::: Provided records :::

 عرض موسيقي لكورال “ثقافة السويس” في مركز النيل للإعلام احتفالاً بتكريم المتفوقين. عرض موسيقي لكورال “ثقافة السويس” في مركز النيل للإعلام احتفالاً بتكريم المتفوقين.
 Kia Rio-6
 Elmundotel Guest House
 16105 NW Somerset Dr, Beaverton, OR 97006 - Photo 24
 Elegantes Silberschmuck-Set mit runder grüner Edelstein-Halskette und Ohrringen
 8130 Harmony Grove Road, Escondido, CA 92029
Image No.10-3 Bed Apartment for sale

:::
::: Provided records :::

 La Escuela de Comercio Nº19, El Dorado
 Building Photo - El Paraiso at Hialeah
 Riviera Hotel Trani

:::

=== Work required ===
Referring to the material above, set down exactly the lines between the line with "Elegantes Silberschmuck-Set mit" and the line with "Image No.10-3 Bed Apartment for sale", inclusive, and no other lines.

=== Finished exercise ===
 Elegantes Silberschmuck-Set mit runder grüner Edelstein-Halskette und Ohrringen
 8130 Harmony Grove Road, Escondido, CA 92029
Image No.10-3 Bed Apartment for sale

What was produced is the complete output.